Studio album by the Moody Blues
- Released: 15 May 1981
- Recorded: 19 February 1980 – 14 April 1981
- Studios: Threshold and RAK, London
- Genres: Synth-pop; symphonic rock;
- Length: 46:32
- Label: Threshold
- Producer: Pip Williams

The Moody Blues chronology
| Octave (1978) | Long Distance Voyager (1981) | The Present (1983) |

Singles from Long Distance Voyager
- "Gemini Dream" Released: May 1981; "The Voice" Released: July 1981; "Talking Out of Turn" Released: November 1981;

= Long Distance Voyager =

Long Distance Voyager is the tenth album by the Moody Blues, first released in May 1981 on the group's Threshold record label. It was the group's first album featuring keyboardist Patrick Moraz (who previously had worked with bands such as Refugee and Yes) in place of co-founder Mike Pinder, who left after the Octave album in 1978.

Upon release in 1981, Long Distance Voyager became the Moody Blues' second American number one album, and was also the source of the US Top 20 singles "Gemini Dream" (No. 12) and "The Voice" (No. 15) on the Billboard Hot 100. A third single, "Talking Out of Turn", only reached No. 65 on the Billboard Hot 100 but reached No. 27 in Canada. It also continued the Moody Blues' winning streak in their native United Kingdom, reaching No. 7 there.

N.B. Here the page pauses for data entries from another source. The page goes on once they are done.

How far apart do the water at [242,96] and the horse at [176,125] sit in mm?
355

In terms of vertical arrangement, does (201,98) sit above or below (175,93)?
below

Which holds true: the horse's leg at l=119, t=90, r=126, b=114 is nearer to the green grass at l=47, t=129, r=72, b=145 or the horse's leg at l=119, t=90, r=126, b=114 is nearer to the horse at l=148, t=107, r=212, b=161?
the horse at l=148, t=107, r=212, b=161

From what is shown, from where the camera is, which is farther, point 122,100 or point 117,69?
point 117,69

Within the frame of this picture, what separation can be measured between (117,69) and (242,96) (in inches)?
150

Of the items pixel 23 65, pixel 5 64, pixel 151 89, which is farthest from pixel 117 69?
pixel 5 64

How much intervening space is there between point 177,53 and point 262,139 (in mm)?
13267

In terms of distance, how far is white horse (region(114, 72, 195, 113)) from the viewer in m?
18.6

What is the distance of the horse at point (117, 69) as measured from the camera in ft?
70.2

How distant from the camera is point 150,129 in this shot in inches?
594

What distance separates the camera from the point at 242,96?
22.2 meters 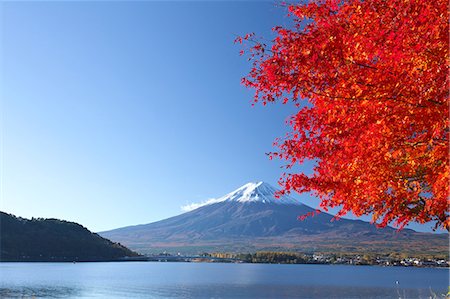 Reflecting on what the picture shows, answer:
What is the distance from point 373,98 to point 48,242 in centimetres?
14231

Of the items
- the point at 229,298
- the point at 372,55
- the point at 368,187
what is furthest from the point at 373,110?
the point at 229,298

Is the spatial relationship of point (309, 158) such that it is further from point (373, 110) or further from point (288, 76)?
point (373, 110)

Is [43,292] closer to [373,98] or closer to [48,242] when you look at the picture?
[48,242]

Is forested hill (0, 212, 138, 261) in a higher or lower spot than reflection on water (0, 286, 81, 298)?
higher

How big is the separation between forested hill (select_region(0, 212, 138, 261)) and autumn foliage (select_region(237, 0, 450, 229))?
12834 cm

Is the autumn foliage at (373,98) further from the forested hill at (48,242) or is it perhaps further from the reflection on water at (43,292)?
the forested hill at (48,242)

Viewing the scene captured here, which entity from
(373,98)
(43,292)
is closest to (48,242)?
(43,292)

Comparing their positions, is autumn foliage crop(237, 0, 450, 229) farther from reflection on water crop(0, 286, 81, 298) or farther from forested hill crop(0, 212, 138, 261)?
forested hill crop(0, 212, 138, 261)

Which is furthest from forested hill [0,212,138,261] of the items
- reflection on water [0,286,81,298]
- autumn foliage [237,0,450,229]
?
autumn foliage [237,0,450,229]

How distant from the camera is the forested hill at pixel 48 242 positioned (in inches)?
5094

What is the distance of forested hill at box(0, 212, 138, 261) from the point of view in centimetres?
12938

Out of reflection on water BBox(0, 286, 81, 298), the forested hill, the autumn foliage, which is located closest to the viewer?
the autumn foliage

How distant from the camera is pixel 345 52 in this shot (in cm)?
1031

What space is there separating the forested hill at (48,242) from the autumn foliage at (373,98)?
128344mm
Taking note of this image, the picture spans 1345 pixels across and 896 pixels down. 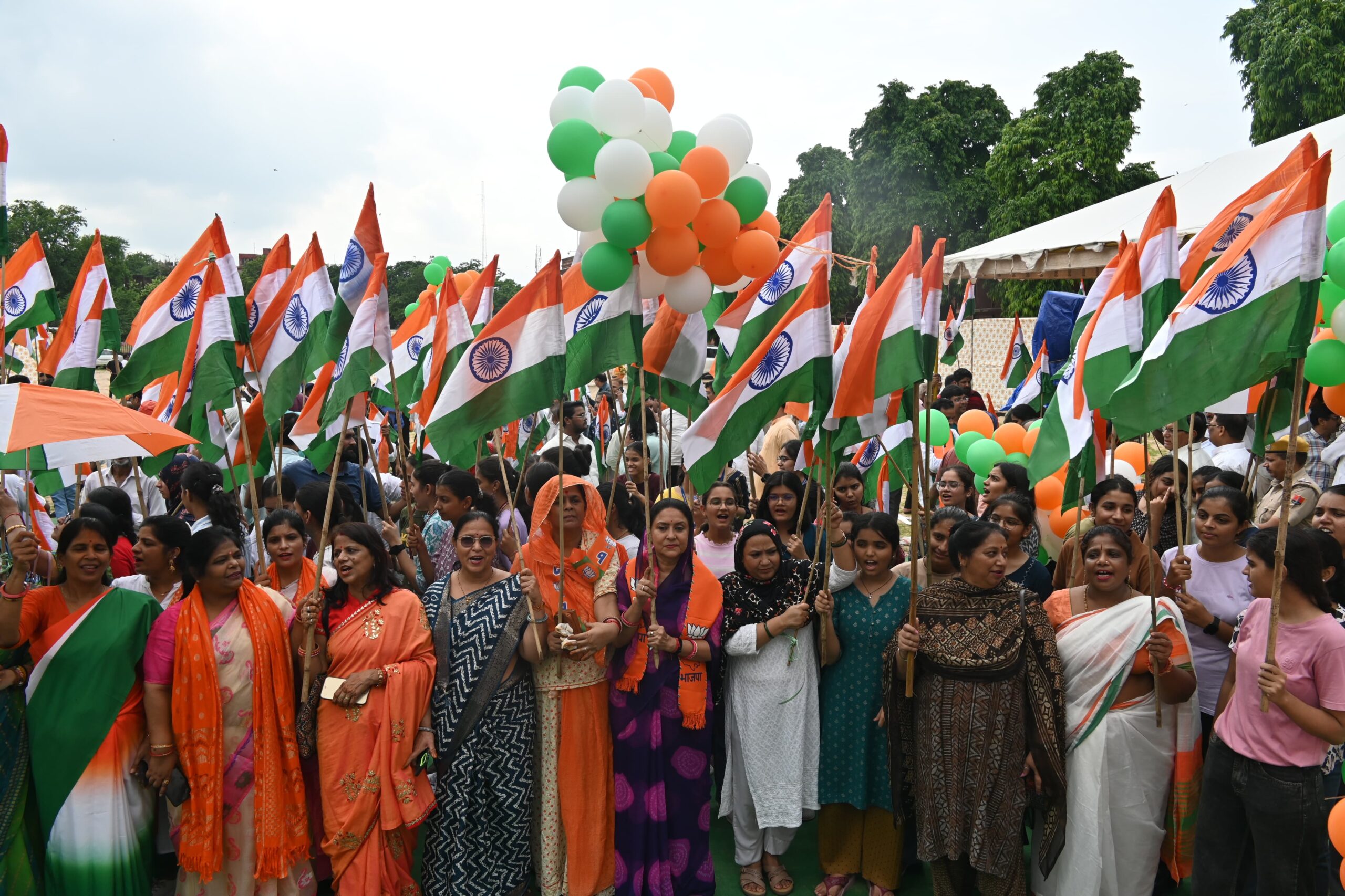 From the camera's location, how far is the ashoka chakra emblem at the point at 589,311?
4.31 meters

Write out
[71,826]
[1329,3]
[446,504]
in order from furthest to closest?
[1329,3] < [446,504] < [71,826]

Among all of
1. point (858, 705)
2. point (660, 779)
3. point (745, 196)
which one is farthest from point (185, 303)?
point (858, 705)

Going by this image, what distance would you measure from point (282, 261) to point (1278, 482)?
5818mm

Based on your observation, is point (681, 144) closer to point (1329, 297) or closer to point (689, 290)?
point (689, 290)

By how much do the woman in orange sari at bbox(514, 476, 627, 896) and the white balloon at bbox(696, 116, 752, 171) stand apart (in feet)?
5.39

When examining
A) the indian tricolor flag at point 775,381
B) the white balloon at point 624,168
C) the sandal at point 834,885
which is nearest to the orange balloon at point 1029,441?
the indian tricolor flag at point 775,381

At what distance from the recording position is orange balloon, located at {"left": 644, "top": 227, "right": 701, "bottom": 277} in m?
4.14

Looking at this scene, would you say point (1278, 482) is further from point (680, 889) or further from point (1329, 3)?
point (1329, 3)

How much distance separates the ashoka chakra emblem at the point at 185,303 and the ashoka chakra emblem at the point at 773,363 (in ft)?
9.38

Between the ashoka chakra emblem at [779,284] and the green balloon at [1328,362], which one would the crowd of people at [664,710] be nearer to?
the green balloon at [1328,362]

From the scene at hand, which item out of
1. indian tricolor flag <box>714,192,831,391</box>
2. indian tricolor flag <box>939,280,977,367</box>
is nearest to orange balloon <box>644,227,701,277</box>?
indian tricolor flag <box>714,192,831,391</box>

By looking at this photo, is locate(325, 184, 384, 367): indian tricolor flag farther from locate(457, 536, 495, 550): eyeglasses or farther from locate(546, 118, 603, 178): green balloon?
locate(457, 536, 495, 550): eyeglasses

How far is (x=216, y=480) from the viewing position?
17.6 ft

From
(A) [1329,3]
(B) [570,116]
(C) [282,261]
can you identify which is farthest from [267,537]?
(A) [1329,3] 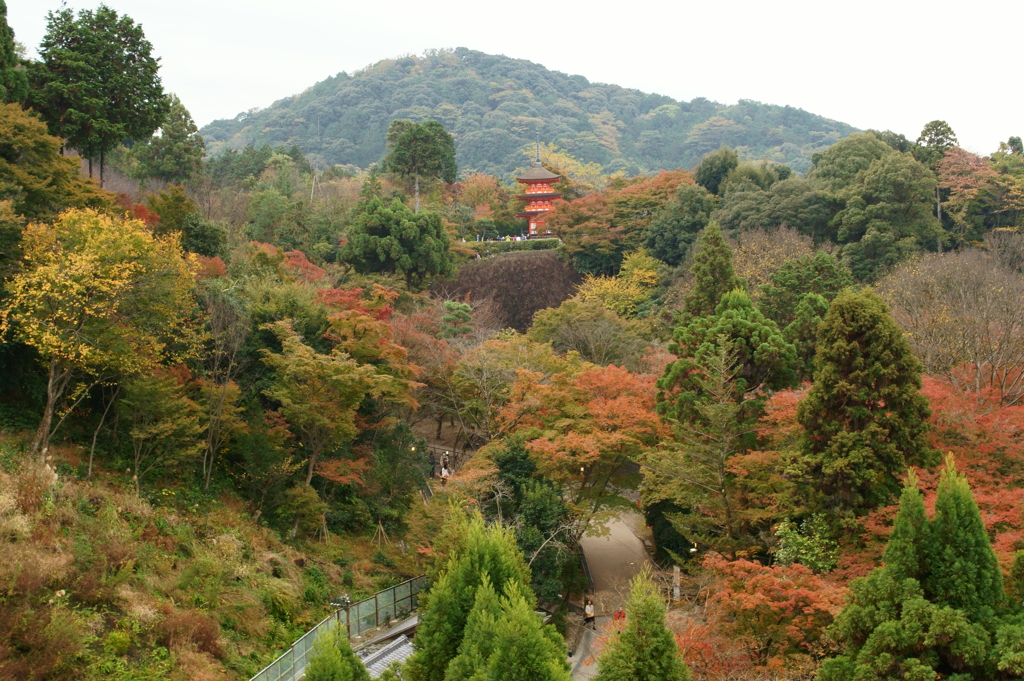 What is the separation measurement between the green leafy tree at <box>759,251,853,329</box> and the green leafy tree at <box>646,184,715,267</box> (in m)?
13.5

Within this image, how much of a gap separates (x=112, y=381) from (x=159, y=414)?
1.26m

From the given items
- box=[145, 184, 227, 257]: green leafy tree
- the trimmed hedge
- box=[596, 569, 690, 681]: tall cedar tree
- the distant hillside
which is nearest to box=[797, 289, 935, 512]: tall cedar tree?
box=[596, 569, 690, 681]: tall cedar tree

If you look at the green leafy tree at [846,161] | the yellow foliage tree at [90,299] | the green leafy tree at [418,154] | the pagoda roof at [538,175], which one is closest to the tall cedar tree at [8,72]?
the yellow foliage tree at [90,299]

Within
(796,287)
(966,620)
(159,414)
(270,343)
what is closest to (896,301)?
(796,287)

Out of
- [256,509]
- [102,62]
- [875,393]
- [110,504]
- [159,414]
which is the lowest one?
[256,509]

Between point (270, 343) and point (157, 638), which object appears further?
point (270, 343)

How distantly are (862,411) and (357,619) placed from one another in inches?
393

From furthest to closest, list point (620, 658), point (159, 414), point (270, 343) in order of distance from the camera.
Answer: point (270, 343)
point (159, 414)
point (620, 658)

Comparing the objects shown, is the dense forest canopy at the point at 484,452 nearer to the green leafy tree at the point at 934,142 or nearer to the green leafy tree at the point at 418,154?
the green leafy tree at the point at 934,142

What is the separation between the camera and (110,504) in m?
13.8

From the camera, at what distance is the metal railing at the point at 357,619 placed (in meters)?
12.1

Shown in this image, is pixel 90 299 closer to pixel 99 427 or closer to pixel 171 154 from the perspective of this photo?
pixel 99 427

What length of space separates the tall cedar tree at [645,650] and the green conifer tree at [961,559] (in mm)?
3316

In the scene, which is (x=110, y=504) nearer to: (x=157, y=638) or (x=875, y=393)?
(x=157, y=638)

Besides the singles, two songs from the album charted on Billboards Mainstream Rock chart. "Meanwhile" charted at No. 11 and "22,000 Days" charted at No. 38.

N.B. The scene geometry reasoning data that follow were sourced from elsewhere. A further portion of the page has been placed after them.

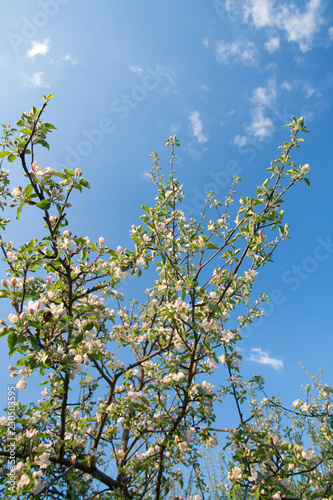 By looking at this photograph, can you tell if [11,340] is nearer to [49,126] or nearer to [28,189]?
[28,189]

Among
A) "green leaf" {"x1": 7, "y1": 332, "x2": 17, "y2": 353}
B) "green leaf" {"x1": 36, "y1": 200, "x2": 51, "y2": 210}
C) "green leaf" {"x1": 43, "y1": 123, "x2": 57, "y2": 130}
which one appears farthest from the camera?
"green leaf" {"x1": 43, "y1": 123, "x2": 57, "y2": 130}

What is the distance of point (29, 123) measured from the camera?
2.42m

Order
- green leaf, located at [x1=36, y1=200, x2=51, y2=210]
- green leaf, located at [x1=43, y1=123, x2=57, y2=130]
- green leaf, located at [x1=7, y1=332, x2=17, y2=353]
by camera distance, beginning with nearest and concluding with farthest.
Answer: green leaf, located at [x1=7, y1=332, x2=17, y2=353] → green leaf, located at [x1=36, y1=200, x2=51, y2=210] → green leaf, located at [x1=43, y1=123, x2=57, y2=130]

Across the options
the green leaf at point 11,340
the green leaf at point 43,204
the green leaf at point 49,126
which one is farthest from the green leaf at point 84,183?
the green leaf at point 11,340

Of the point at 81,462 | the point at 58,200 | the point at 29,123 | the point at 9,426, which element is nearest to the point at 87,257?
the point at 58,200

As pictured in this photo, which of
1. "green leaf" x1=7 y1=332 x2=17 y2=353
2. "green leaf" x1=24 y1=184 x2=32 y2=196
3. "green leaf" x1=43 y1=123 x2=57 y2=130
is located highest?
"green leaf" x1=43 y1=123 x2=57 y2=130

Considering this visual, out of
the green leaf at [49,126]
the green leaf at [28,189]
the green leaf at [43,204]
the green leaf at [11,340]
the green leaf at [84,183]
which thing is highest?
the green leaf at [49,126]

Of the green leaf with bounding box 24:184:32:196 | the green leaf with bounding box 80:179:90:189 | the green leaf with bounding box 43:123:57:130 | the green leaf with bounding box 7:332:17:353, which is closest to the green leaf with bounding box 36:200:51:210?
the green leaf with bounding box 24:184:32:196

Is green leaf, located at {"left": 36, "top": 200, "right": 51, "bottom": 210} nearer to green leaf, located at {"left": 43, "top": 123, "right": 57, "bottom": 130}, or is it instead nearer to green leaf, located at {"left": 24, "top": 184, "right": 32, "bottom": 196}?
green leaf, located at {"left": 24, "top": 184, "right": 32, "bottom": 196}

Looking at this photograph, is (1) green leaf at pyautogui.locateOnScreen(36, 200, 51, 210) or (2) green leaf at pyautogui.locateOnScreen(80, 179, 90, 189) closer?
(1) green leaf at pyautogui.locateOnScreen(36, 200, 51, 210)

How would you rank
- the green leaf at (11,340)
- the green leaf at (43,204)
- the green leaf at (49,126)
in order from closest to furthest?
the green leaf at (11,340)
the green leaf at (43,204)
the green leaf at (49,126)

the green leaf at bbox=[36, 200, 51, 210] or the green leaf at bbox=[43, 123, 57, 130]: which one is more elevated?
the green leaf at bbox=[43, 123, 57, 130]

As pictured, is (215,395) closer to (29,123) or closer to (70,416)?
(70,416)

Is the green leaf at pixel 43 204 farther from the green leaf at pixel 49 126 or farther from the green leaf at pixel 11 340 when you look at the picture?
the green leaf at pixel 11 340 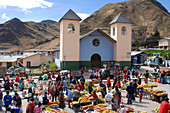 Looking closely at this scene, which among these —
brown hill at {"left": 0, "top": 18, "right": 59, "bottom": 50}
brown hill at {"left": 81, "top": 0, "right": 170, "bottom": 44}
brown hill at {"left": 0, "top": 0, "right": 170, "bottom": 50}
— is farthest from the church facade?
brown hill at {"left": 81, "top": 0, "right": 170, "bottom": 44}

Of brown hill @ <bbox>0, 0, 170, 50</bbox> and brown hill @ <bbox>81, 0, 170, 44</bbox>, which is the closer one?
brown hill @ <bbox>0, 0, 170, 50</bbox>

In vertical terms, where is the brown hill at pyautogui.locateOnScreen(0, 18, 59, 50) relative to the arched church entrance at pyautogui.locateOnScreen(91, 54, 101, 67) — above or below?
above

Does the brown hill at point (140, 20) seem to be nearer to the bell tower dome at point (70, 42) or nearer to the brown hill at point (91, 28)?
the brown hill at point (91, 28)

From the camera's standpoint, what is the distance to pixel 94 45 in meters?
32.4

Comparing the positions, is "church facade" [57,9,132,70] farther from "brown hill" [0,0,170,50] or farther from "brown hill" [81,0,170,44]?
"brown hill" [81,0,170,44]

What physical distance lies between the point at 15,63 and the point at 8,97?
31.1 m

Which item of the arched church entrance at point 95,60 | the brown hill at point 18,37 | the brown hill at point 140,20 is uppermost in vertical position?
the brown hill at point 140,20

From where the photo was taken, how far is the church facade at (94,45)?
3011 centimetres

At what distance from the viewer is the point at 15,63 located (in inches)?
1575

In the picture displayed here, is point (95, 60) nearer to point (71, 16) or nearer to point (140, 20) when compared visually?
point (71, 16)

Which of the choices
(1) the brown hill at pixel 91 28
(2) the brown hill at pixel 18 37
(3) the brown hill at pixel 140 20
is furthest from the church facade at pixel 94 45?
(3) the brown hill at pixel 140 20

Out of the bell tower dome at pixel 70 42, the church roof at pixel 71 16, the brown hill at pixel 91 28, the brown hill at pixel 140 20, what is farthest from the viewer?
the brown hill at pixel 140 20

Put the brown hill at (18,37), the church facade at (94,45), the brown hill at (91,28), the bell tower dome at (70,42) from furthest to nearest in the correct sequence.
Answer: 1. the brown hill at (91,28)
2. the brown hill at (18,37)
3. the church facade at (94,45)
4. the bell tower dome at (70,42)

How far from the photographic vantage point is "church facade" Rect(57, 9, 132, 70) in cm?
3011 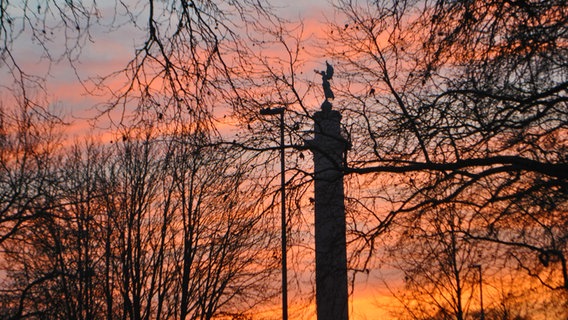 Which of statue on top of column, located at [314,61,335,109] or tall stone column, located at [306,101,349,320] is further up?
statue on top of column, located at [314,61,335,109]

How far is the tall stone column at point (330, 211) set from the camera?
10609mm

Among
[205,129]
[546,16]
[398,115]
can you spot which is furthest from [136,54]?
[398,115]

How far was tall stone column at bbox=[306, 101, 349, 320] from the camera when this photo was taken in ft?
34.8

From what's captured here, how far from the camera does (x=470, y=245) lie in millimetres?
12586

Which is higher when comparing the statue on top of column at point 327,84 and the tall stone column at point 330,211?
Result: the statue on top of column at point 327,84

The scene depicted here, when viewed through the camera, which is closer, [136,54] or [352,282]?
[136,54]

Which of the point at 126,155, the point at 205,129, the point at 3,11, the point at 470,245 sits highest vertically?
the point at 126,155

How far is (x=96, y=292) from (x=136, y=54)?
64.4 ft

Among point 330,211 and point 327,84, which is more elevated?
point 327,84

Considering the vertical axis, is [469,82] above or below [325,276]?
above

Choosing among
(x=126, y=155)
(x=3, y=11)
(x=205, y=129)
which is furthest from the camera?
(x=126, y=155)

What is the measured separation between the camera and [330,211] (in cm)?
1109

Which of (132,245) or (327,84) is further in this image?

In November 2008, the album was remastered and released on CD with one extra track.

Professional ratings
Review scores
| Source | Rating |
| AllMusic | Star |
| Rolling Stone | Star |

==Writing==
According to Ray Thomas, "Most people think Long Distance Voyager was named after the cosmic themes that dominate our music. But in fact we were simply describing ourselves." John Lodge stated, "The Long Distance Voyager album is about people. Although the title is very space-oriented, it isn't. The whole idea is we are the same as we were a hundred years ago, two hundred years ago. It's about people and situations and feelings, and talking out of turn is a particular feeling." The final three tracks comprise a mini-suite that combines themes of carnival jesters and the chaos experienced backstage at a rock show.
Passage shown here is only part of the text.